## WHAT THIS TASK INVOLVES:
Below are records; the lines starting at the one with "Vero Moda Longblazer Grün 40" and ending at the one with "9430 Roll Road, Clarence, New York 14032, Clarence, New" must be reproduced exactly, both included. Pictures must not appear.

## DATA UNDER STUDY:

+++

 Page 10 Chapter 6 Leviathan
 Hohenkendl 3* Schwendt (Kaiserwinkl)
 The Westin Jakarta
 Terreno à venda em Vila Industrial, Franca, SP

+++

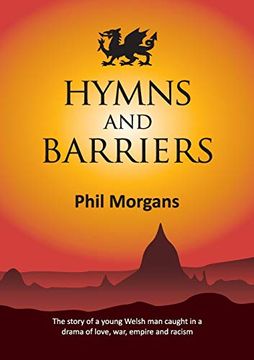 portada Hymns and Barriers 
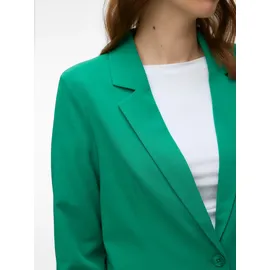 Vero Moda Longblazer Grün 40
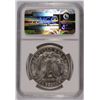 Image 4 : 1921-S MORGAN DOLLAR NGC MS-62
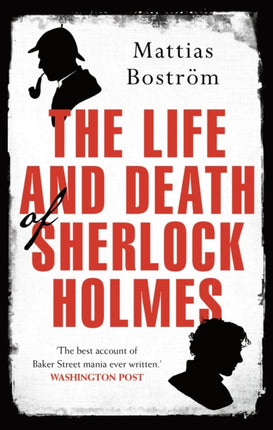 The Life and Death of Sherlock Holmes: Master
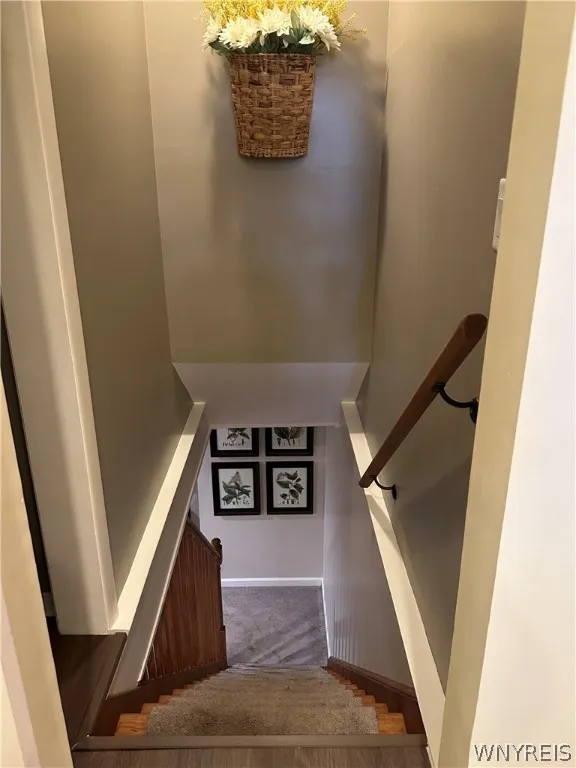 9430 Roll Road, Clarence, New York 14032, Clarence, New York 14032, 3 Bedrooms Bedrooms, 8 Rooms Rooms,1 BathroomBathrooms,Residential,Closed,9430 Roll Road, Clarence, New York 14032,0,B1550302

+++

## RESULT OF THE EXERCISE:
 Vero Moda Longblazer Grün 40
 Image 4 : 1921-S MORGAN DOLLAR NGC MS-62
 The Life and Death of Sherlock Holmes: Master
 9430 Roll Road, Clarence, New York 14032, Clarence, New York 14032, 3 Bedrooms Bedrooms, 8 Rooms Rooms,1 BathroomBathrooms,Residential,Closed,9430 Roll Road, Clarence, New York 14032,0,B1550302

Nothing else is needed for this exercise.